What’s Included?
Your Style
Your transcripts are your personal work of art, complete with your name on the title page. My job is to support you by polishing up your transcripts exactly the way you like them.
To make things easier for both of us, you can quickly fill out a list of preferences when we start working together. That way, we won’t spend time emailing back and forth during jobs; I’ll have your preference sheet handy to answer any questions I might have. For example, do you prefer Morson’s or Margie’s stylebook? The Oxford comma: love or hate?
What do I proofread?
- title page
- appearances
- index
- body of the transcript
- certificates
- witness review letters
- errata sheets
What errors do I catch?
- formatting (spacing of lines and words; alignment; inconsistencies on cover pages, appearance pages, indexes, and certificates)

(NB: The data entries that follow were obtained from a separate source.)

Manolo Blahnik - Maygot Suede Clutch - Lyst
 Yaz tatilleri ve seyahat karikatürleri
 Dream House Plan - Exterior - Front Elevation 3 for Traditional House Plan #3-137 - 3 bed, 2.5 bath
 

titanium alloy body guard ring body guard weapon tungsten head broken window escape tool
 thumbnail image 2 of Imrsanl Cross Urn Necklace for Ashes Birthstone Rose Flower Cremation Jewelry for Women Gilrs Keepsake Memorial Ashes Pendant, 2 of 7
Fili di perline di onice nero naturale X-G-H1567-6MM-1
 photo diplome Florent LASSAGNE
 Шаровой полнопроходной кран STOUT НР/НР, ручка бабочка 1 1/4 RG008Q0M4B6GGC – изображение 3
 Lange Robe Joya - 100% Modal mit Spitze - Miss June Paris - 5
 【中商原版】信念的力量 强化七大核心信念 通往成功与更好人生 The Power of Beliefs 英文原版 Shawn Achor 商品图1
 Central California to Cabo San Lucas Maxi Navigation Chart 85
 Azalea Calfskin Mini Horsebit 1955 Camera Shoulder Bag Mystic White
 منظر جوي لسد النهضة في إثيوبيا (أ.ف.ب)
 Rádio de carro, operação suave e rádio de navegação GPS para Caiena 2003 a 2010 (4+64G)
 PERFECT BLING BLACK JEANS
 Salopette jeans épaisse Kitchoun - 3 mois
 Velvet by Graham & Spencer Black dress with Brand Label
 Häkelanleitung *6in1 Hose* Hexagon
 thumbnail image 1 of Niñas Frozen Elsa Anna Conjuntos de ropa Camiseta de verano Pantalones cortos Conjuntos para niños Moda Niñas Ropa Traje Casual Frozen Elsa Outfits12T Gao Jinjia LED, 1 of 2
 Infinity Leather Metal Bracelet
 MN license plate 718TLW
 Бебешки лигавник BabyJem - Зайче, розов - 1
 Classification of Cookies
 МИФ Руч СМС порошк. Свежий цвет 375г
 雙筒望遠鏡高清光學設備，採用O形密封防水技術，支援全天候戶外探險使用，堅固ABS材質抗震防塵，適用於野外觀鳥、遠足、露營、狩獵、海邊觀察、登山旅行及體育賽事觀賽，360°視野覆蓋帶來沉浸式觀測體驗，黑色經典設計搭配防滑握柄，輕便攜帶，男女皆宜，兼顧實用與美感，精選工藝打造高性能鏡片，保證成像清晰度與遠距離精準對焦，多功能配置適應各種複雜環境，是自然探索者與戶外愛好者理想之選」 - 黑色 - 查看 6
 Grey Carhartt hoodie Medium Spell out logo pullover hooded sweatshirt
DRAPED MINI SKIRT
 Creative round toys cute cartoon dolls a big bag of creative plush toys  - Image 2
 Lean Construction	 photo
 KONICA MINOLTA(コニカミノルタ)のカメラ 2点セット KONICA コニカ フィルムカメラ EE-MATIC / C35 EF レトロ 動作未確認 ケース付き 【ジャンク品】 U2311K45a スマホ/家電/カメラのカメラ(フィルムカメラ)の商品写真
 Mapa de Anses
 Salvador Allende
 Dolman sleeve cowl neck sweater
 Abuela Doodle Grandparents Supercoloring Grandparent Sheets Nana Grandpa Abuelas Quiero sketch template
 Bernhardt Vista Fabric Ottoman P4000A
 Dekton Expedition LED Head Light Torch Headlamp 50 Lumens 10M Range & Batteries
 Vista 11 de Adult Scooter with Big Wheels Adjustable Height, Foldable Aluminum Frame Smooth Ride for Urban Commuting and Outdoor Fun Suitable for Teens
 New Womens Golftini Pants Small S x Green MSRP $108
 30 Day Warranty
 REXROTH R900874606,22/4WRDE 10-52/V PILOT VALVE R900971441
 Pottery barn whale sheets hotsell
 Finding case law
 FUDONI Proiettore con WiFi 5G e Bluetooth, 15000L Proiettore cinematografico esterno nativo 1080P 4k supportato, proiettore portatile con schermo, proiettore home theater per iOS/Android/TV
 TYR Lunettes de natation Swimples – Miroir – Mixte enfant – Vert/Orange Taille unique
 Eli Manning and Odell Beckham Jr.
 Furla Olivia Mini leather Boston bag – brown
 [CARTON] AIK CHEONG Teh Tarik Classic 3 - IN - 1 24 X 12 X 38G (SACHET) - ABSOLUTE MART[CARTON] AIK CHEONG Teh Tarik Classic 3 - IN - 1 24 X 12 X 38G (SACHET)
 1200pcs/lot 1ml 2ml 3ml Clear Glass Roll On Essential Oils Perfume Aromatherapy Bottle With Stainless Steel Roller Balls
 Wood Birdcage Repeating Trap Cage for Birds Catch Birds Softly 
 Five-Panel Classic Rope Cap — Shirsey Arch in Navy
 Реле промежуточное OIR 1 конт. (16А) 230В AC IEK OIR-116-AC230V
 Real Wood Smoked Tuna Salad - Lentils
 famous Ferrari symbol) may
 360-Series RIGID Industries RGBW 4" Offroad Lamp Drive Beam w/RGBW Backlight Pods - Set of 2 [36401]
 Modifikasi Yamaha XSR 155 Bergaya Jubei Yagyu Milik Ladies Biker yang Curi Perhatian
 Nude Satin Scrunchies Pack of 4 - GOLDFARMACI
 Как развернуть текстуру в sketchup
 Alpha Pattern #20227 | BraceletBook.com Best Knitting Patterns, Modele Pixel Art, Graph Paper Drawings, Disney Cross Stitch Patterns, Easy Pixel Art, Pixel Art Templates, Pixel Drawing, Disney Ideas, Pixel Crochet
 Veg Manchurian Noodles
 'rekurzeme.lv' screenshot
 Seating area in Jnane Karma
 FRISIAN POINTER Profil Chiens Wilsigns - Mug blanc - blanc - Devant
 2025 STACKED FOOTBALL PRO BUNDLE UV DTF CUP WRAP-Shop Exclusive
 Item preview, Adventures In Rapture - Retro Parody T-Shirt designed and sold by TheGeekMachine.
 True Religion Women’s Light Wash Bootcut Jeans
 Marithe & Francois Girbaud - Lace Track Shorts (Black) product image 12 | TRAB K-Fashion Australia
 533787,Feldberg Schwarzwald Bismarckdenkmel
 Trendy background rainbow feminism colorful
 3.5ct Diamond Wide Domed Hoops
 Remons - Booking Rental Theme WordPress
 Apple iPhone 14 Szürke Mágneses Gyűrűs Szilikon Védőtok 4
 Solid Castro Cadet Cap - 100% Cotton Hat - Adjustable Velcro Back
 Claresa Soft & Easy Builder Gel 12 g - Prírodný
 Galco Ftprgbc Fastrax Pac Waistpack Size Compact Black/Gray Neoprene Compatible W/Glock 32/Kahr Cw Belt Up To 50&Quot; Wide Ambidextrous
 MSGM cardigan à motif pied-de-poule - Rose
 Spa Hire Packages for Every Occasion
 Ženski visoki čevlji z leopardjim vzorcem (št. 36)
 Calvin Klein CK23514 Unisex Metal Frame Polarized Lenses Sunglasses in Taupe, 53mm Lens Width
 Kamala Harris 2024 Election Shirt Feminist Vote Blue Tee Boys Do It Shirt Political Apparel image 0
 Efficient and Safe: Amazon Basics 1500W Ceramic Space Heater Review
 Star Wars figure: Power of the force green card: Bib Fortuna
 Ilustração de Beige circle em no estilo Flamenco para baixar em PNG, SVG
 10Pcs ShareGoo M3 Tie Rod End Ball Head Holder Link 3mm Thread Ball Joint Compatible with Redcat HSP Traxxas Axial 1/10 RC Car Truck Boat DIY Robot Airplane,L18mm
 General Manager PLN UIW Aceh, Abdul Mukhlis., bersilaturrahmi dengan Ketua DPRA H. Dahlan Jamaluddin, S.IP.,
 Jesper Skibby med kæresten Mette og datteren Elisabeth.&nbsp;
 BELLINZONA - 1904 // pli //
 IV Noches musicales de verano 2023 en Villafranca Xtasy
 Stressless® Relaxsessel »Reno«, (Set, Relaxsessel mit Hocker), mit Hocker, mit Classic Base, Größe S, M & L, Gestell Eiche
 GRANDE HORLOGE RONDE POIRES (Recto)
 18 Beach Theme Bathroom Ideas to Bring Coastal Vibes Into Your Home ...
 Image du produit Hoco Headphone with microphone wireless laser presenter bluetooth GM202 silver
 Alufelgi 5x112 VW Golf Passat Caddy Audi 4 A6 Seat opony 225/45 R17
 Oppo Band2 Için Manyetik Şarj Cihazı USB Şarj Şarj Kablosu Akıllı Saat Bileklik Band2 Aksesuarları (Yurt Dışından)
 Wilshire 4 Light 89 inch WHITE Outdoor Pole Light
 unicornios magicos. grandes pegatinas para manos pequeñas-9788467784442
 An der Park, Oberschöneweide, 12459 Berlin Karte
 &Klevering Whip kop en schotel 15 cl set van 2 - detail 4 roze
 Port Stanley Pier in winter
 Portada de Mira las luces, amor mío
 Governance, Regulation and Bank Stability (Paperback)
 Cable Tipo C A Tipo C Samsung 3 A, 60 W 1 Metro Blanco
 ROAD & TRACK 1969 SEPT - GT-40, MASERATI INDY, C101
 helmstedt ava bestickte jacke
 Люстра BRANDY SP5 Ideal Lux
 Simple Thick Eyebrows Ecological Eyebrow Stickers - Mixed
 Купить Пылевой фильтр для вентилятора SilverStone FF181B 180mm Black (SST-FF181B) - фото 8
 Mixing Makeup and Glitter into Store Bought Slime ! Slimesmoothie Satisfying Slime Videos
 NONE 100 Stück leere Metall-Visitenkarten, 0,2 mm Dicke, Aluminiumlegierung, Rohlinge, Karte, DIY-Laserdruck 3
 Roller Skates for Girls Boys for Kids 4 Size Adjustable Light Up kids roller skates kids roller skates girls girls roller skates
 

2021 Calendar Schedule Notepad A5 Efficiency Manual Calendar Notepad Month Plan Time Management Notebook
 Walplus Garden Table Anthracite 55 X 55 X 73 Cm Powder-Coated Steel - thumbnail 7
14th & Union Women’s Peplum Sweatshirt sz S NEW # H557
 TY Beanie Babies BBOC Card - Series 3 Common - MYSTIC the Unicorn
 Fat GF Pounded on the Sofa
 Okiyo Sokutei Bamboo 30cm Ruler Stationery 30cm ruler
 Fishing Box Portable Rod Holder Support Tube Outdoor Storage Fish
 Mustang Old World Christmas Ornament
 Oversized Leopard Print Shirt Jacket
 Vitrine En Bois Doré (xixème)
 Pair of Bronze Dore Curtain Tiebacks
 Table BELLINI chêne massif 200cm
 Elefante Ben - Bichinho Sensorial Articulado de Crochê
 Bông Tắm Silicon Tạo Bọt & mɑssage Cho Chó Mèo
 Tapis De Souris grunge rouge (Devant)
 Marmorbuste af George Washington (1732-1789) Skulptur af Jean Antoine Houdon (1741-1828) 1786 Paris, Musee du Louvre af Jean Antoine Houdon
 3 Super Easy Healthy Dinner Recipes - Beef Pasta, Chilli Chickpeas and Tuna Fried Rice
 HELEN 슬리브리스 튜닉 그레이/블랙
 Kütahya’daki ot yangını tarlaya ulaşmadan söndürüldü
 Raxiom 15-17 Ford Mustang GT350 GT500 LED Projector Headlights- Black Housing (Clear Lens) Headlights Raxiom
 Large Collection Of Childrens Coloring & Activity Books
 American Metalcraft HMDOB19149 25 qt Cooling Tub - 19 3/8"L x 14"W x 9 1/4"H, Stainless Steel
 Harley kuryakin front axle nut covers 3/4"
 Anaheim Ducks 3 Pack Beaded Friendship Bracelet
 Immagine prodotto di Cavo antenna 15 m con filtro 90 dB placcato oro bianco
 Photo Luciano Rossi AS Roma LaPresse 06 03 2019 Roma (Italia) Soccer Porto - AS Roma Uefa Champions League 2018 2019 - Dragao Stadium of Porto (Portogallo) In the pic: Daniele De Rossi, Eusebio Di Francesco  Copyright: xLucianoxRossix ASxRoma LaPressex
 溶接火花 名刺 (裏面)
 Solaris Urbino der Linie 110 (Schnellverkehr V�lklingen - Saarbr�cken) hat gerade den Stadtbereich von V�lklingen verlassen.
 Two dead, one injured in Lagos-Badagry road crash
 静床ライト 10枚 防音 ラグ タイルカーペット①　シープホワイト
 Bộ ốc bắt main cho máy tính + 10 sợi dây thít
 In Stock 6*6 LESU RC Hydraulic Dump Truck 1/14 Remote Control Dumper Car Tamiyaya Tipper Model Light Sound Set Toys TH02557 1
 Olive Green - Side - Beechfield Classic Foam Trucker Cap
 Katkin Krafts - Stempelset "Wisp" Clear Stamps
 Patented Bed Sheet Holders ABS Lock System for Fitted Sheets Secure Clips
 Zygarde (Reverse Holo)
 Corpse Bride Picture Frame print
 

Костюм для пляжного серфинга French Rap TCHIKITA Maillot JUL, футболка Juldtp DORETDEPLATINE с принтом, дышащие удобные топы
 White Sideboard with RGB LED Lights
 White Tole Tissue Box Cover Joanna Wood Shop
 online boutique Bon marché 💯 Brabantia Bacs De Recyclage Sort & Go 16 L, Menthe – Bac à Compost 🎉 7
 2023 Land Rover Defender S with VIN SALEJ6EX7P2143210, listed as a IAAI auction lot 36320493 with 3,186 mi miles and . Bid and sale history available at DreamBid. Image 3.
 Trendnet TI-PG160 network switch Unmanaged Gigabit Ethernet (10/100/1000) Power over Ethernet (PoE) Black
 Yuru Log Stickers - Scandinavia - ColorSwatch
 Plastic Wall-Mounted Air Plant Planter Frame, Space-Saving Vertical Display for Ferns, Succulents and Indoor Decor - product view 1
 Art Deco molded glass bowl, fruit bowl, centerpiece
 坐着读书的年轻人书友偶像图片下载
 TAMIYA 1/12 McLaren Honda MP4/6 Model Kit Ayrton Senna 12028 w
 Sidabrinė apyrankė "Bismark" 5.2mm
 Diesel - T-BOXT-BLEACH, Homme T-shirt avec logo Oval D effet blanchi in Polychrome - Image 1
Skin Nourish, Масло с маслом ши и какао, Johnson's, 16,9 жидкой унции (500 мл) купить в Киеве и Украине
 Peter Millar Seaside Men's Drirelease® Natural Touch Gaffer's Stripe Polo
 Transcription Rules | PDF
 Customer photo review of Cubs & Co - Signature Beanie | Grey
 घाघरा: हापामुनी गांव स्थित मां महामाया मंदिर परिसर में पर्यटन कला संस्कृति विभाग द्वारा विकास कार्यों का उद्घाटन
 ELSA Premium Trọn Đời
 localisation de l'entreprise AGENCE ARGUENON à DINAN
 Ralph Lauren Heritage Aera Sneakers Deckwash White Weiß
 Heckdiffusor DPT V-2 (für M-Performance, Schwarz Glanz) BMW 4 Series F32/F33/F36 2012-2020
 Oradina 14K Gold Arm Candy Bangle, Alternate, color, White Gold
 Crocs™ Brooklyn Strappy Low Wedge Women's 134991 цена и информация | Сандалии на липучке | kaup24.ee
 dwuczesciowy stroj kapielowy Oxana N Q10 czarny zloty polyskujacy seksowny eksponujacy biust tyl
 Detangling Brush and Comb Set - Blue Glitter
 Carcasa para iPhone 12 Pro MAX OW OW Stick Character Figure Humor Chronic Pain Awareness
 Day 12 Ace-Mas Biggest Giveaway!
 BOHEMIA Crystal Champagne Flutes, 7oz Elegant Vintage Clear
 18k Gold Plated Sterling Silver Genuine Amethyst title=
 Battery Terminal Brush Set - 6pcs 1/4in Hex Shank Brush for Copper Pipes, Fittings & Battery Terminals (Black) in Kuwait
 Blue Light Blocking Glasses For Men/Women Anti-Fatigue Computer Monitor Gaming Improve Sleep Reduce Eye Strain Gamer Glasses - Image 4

- spelling (of words, names, e-mails)
- punctuation
- capitalization
- hyphenation
- numerals
- abbreviations
- dates
- Q’s and A’s and bylines
- homophones and commonly confused words (ensure/insure, affect/effect, forego/forgo, therefore/therefor)
- missing or transposed words
- general sense and context
What do I look up?
- attorney details: names, addresses, phone numbers, e-mails
- proper nouns
- technical terms
- uncommon words and phrases
- anything else I’m not 100% sure about
What references do I use?
- Morson’s English Guide for Court Reporters by Lillian Morson (2nd edition)
- Court Reporting: Bad Grammar/Good Punctuation by Margie Wakeman Wells
- The Gregg Reference Manual by William A. Sabin (10th edition)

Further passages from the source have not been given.